At the center of the controversy are the state's six juvenile justice boot camps, all run by county sheriff's offices. The closest to South Florida are in Collier and Martin counties. Social scientists say the military camps simply don't work, failing to prevent youth from committing new crimes. Still, critics say state sheriffs have used their political muscle to keep the camps running.

And while DJJ administrators have launched many reforms in recent years to better protect children, the six boot camps were exempted from the reforms under pressure from sheriffs.

In July 2004, Gov. Jeb Bush and newly appointed DJJ Secretary Anthony Schembri announced an overhaul of the agency's policies on physical restraints. The result, the Youth Rights Policy, banned several types of restraints.

"You can't teach compassion by modeling callousness, " Schembri said at the time.

The policy banned the use of several aggressive tactics such as shoulder locks, wristlocks and restraint chairs, which had been linked to injuries among detained youths. Months earlier, a former DJJ secretary had forbidden the use of the so-called hammerlock, which had caused a spate of broken arms.

In 2000, a willowy, 66-pound 12-year-old boy named Michael Wiltsie died after being placed in a "full-body restraint" by a counselor at a now-closed Eckerd wilderness camp in Ocala. Like Martin, the youngster had complained to counselors that he could not breathe, a state death review said.

But DJJ officials exempted boot camps from the new regulations, Barreiro told The Miami Herald, as sheriffs successfully argued they needed more latitude than traditional programs when dealing with difficult youth. Barreiro, who has operated youth programs, calls the exemption a mistake.

The boot camps "should abide by the same procedures, " he said. The reforms, he said, "were written for the safety of the kids, after there were dire consequences" from earlier restraints.

A darling of law enforcement agencies, boot camps came into vogue a decade or so ago as youth corrections officials were searching for new ways to stanch a wave of violent juvenile crime.

Social scientists researched the model rigorously, professors say, and studies concluded almost uniformly that paramilitary youth programs were not effective in deterring crime.

DJJ's records show about 62 percent of the youth who graduate from one of the state's boot camps are arrested again for some type of offense - a recidivism rate experts call very high. Other programs for moderate-risk kids, such as wilderness camps, also have high re-arrest rates, but some, such as halfway houses, are much lower.

"Boot camps don't work, " said Aaron McNeece, dean of the Florida State University College of Social Work, which has done some of the research.


Most boot camps were modeled after an earlier program called Scared Straight, which arranged for troubled kids to experience life within adult jails or prisons, said Frank Orlando, a 21-year Broward circuit judge who served more than a decade in juvenile court. The Scared Straight programs were mostly discontinued after a host of abuses were reported.

"There is no way to scare or frighten or work a child at those boot camps" into changing their behavior, Orlando said. Such tactics, he added, might end up "killing him - or making him a more dangerous person."
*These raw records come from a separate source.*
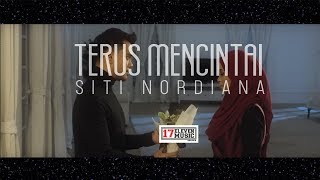 🔴SITI NORDIANA quotTerus Mencintaiquot OFFICIAL MUSIC VIDEO [upl. by Eterg]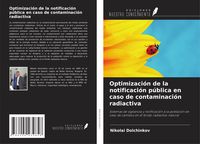 Produktbild: Optimizaci&oacute;n de la notificaci&oacute;n p&uacute;blica en caso de contaminaci&oacute;n radiactiva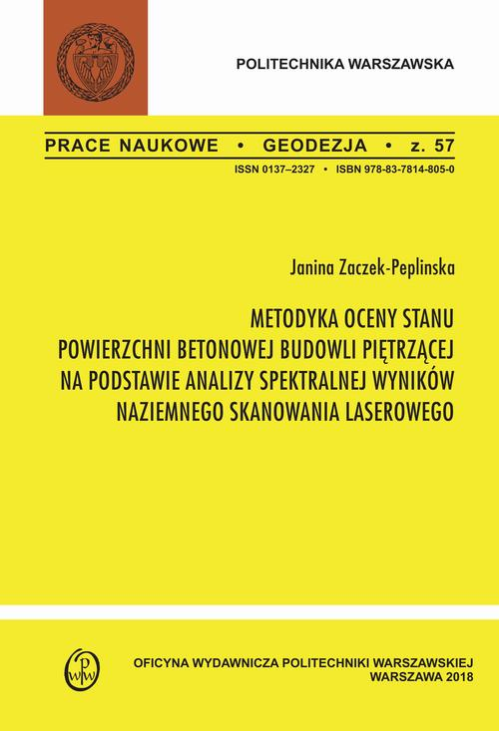 Metodyka oceny stanu powierzchni betonowej budowli piętrzącej na podstawie analizy spektralnej wyników naziemnego skanowania...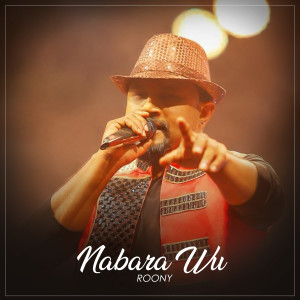 Listen to Nabara Wu song with lyrics from ROONY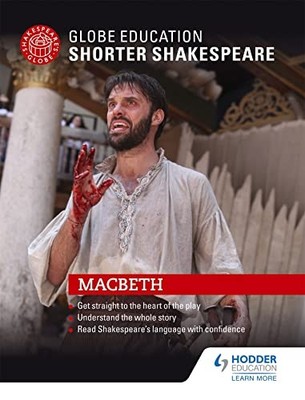 Globe Education Shorter Shakespeare: Macbeth by Education, Globe Book The Fast
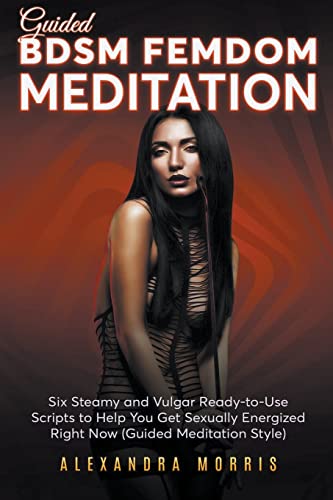 Guided BDSM Femdom Meditation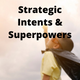 Strategic intents and super powers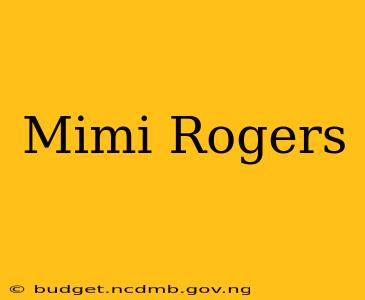 Mimi Rogers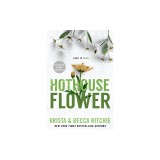 Hothouse Flower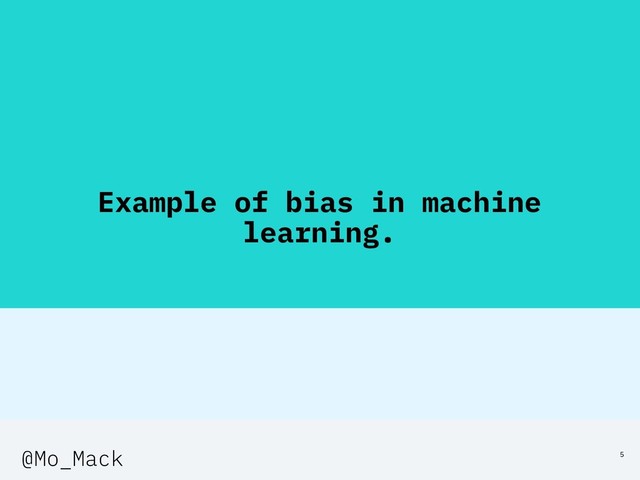 Example of bias in machine
learning.
5
@Mo_Mack
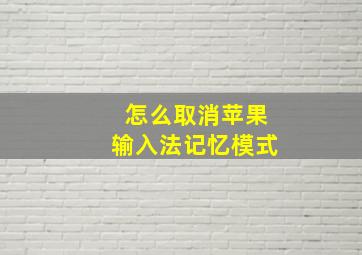 怎么取消苹果输入法记忆模式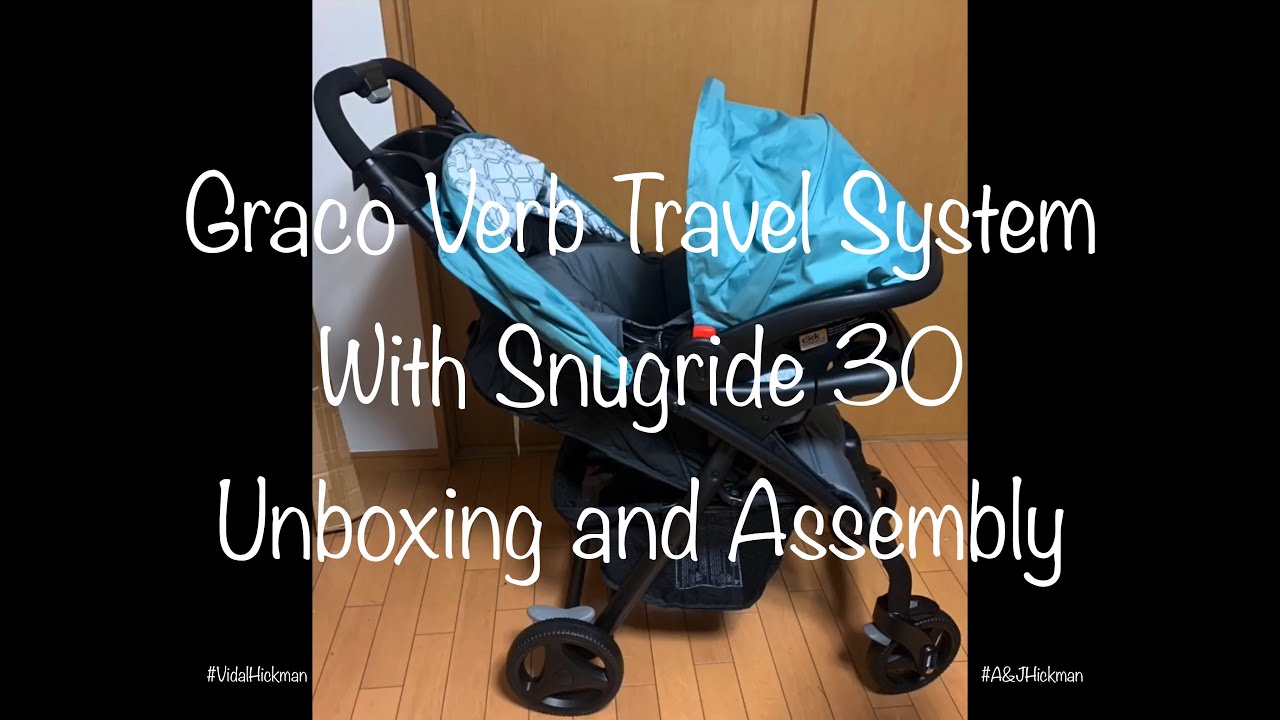 Unboxing and assembling the Graco Verb Travel System with Snugride 30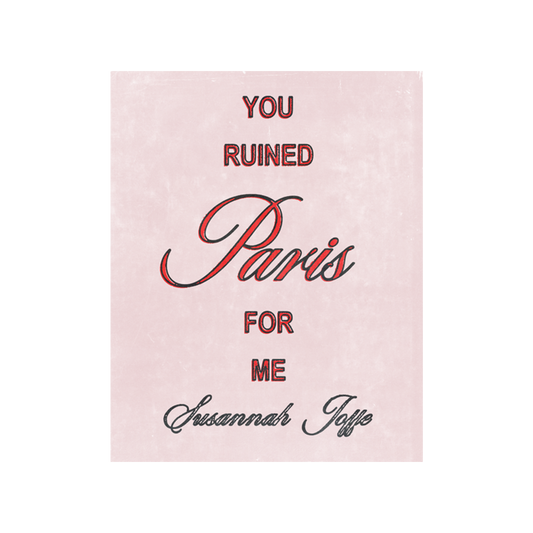 You Ruined Paris Zine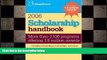 READ book Scholarship Handbook 2006 (College Board Scholarship Handbook) The College Board BOOK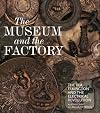 The Museum and the Factory: The V&A, Elkington and the Electrical Revolution (V&A 19th-Century Series)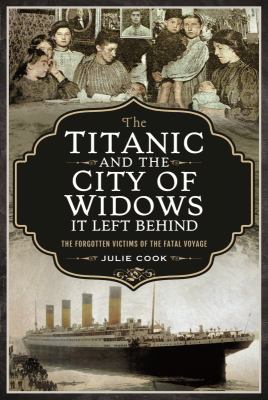 The Titanic and the City of Widows It Left Behind : The Forgotten Victims of the Fatal Voyage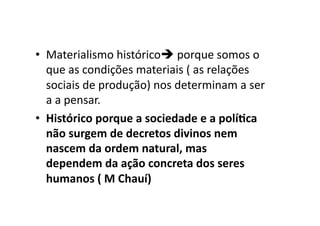 •  Materialismo	
  histórico	
  porque	
  somos	
  o	
  
que	
  as	
  condições	
  materiais	
  (	
  as	
  relações	
  
sociais	
  de	
  produção)	
  nos	
  determinam	
  a	
  ser	
  
a	
  a	
  pensar.	
  	
  
•  Histórico	
  porque	
  a	
  sociedade	
  e	
  a	
  polí8ca	
  
não	
  surgem	
  de	
  decretos	
  divinos	
  nem	
  
nascem	
  da	
  ordem	
  natural,	
  mas	
  
dependem	
  da	
  ação	
  concreta	
  dos	
  seres	
  
humanos	
  (	
  M	
  Chauí)	
  

 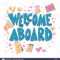 Welcome Aboard Banner Template. Hand Drawn Lettering With With Welcome Banner Template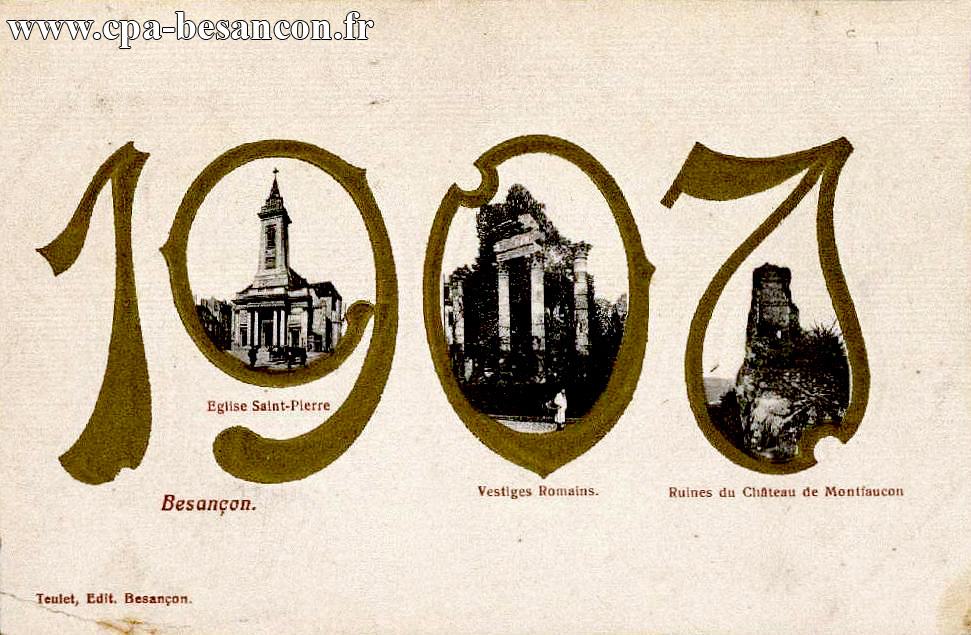Besançon - 1907 - Eglise Saint-Pierre - Vestiges Romains - Ruines du Château de Montfaucon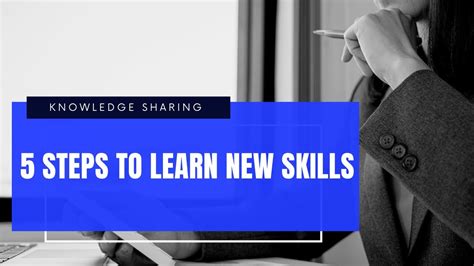 How To Learn New Skills Or 5 Steps To Learn New Skills Short Youtube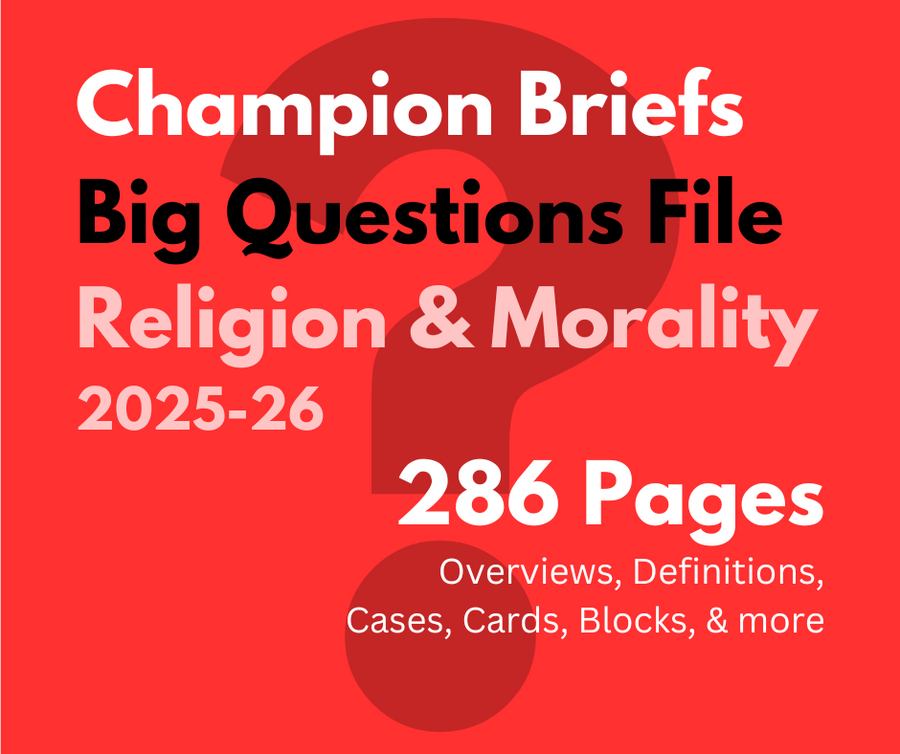 The Forensics Files: 2025-26 Ultimate Big Questions File (Religion & Morality)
"The only reform for boot camps as they are operated in Florida right now is to eliminate them, " added Orlando, who is director of the Center for the Study of Youth Policy at the Nova Southeastern University Law Center in Davie.

Still, said Orlando and McNeece, boot camps persist in Florida and elsewhere across the country because powerful law enforcement groups insist than can be effective in curbing youth crime.

"Just because it doesn't work doesn't mean people are not going to do it, " McNeece said. "There is a lot of investment in those programs - political investment as well as financial - and people have a stake in somebody sooner or later saying it's a great program."